弦楽器の低い音で出てきて、木管楽器が軽やかに受ける形で進み、滑らかな音の動きの対照的なメロディが続く。シューベルトらしい流麗なメロディで優しさに包まれた、大変に美しいレントラー舞曲風で、やはり木管楽器の活躍が印象的。
シューベルトは友人にはたいへん恵まれていて、当時のウィーンの若い芸術家や知識人たちがみな仲の良い友達であった。シューベルトの作品には友達と騒ぎながら作曲されたものも多く、安レストランのメニューカードの裏に友人が五線を引き、そこへ「魔王」のスケッチが書かれたというエピソードもある。
そんなシューベルトの唯一の息抜きの時間は《シューベルティアード》と呼ばれる、芸術家仲間同士の集まりであった。
《シューベルティアード(シューベルトの集い)》というくらいだから、その集まりの主役は勿論シューベルトである。シューベルトは、この場で自作の曲を自演し仲間内で賞賛を浴びていた。そうして小さな幸福に包まれたまま(?)に、弱冠31歳という若さで殆んど世に知られる事なく、不幸な夭折に見舞われてしまったのである。
シューベルトは、僅か31年の人生にも関わらず多くの作品を遺したが、それらの大部分は親しい友人達の間で演奏されるに止まった。主要な作品が声楽曲や室内楽曲で占められているのは、そのためである。要するにプロの音楽家と言うより、アマチュアのような存在で一生を終えたと言える。
もちろん、本人はアマチュア的な存在で良しとしていたわけではなく、常にプロの作曲家として自立することを目指していた。しかし世間に認められるには、あまりにも前を走り過ぎていた。同時代を生きたベートーヴェンは
「シューベルトの裡には神聖な炎がある」
と言ったそうだが、その認識が一般のものになるには、まだまだ時間が必要だった。
天才というものは、普通の人々から抜きん出ているから天才なのであって、それ故に「理解されない」という宿命がつきまとう。それで30年足らずの人生しか許されなかったとなれば、時代がその天才に追いつく前に一生を終えてしまう。

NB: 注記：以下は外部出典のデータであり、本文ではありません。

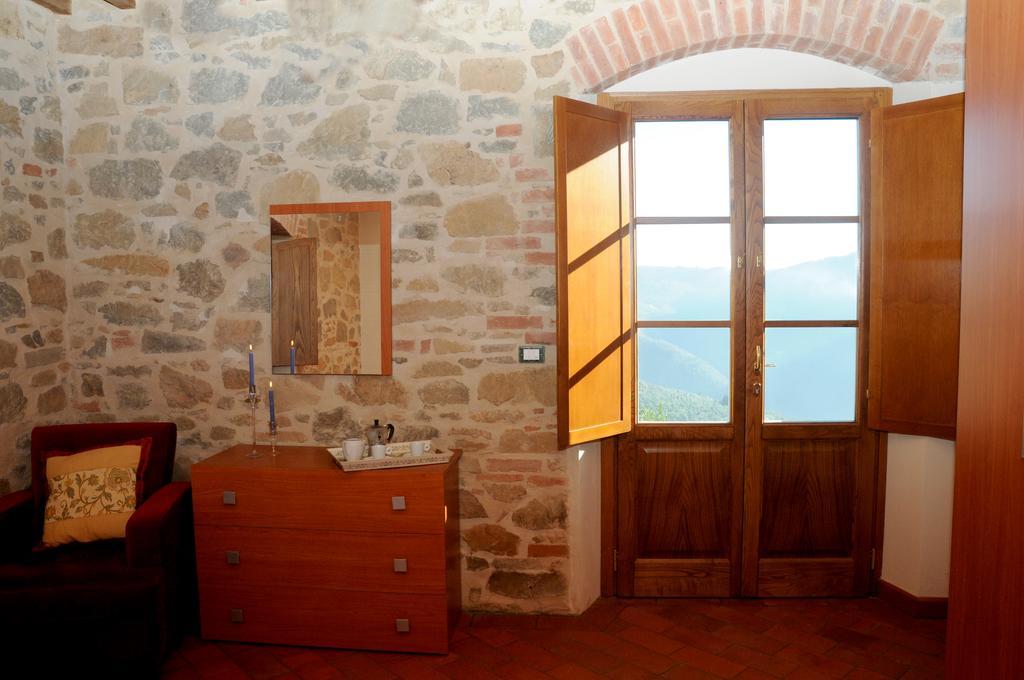 Agriturismo La Marginella Pescia Esterno foto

そんなシューベルトに、ウィーンの楽友協会が「新作の演奏を行う用意がある」ことを仄めかした。それは正式な依頼ではなかったらしいが、シューベルトはプロの音楽家としてのスタートを切る第一歩と感じたようで、その持てる力の全てを注ぎ込んだ交響曲(グレート)を楽友協会に提出した。しかし楽友協会はその規模の大きさに嫌気がさしたか、練習にかけることもなくこの作品を黙殺してしまう。
マーラーやブルックナーの交響曲が日常茶飯事のように演奏される今の時代から見れば、彼のハ長調交響曲はそんなに規模の大きな作品とは感じないものの、19世紀の初頭にあって『グレート』交響曲は標準サイズからは、かなりはみ出た存在だった。
やむなく、シューベルトは16年前の作品でまだ一度も演奏されていない、もう一つのハ長調交響曲(第6番)を提出した。こちらは当時のスタンダードな規模だったため、楽友協会もこれを受け入れ演奏会で演奏されたが、その時すでにシューベルは世を去っていた。